» **Description of the task**
Transcribe the listing exactly, skipping every picture.

» **Recorded data**
────────────────
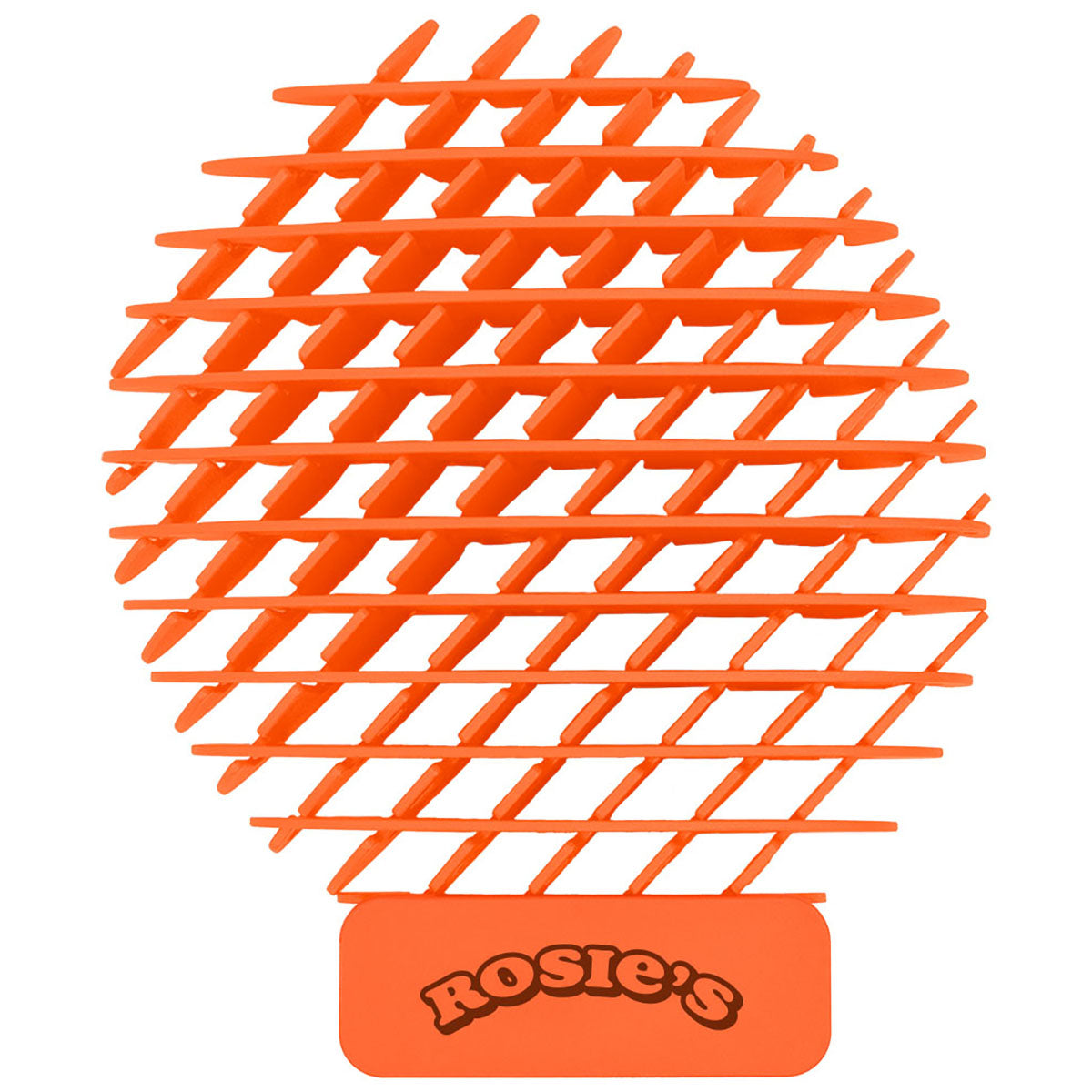 Hit Orange Fidget Sensory Worm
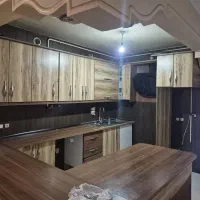 ۹۴متر /تخلیه/اصلی نخلستان|فروش آپارتمان|اهواز, بهارستان|دیوار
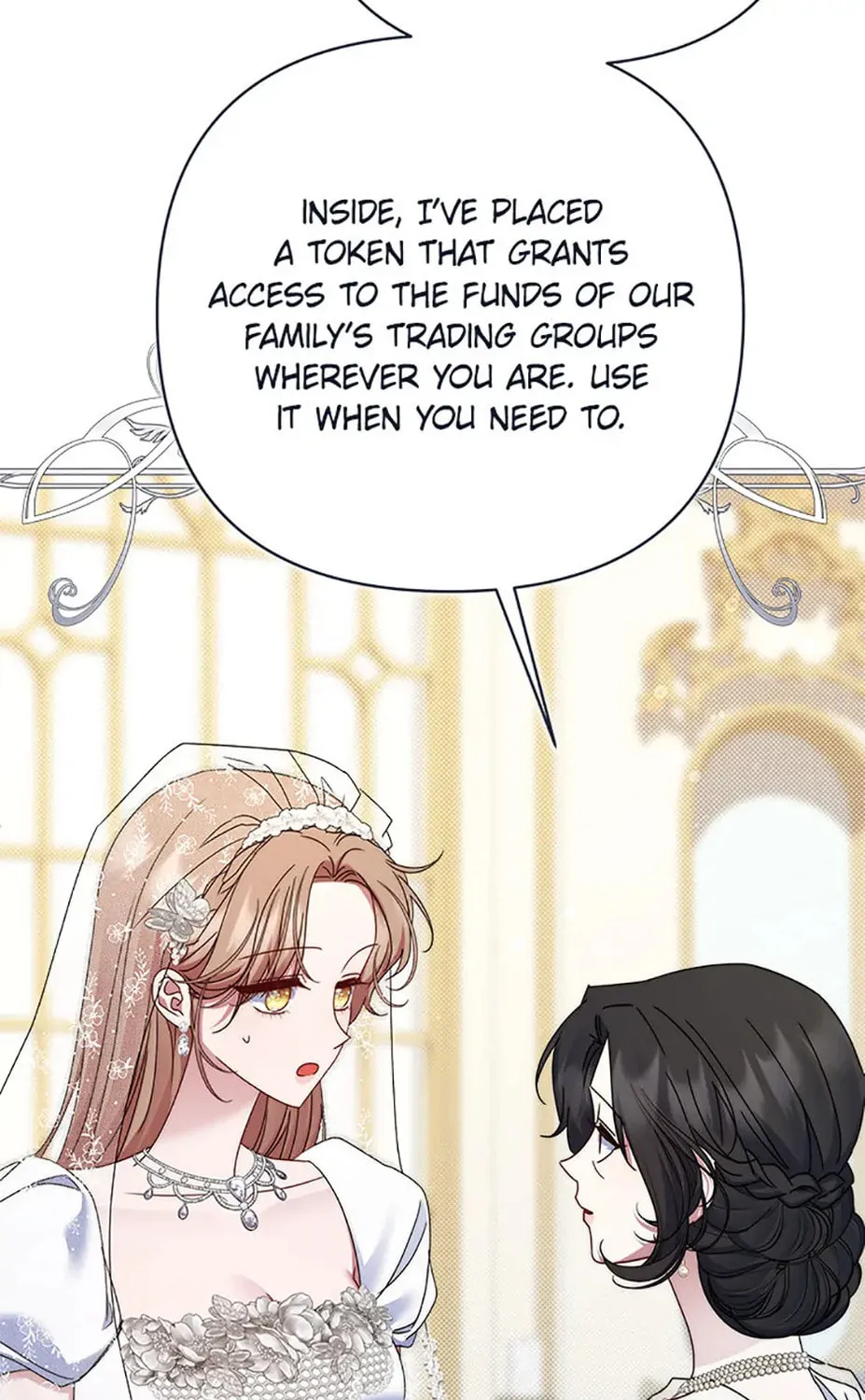 The Lovable Maid Chapter 53 page 40 - 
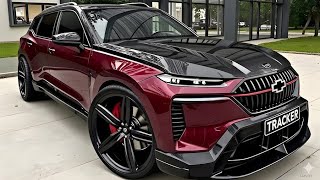 🔥 Chevrolet Tracker 2026: O SUV MAIS COMPLETO do Brasil? Você NÃO vai acreditar! 😱🚗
────────────────
» **Result of this task**
 Hit Orange Fidget Sensory Worm
 ۹۴متر /تخلیه/اصلی نخلستان|فروش آپارتمان|اهواز, بهارستان|دیوار
 The Lovable Maid Chapter 53 page 40 - 
 🔥 Chevrolet Tracker 2026: O SUV MAIS COMPLETO do Brasil? Você NÃO vai acreditar! 😱🚗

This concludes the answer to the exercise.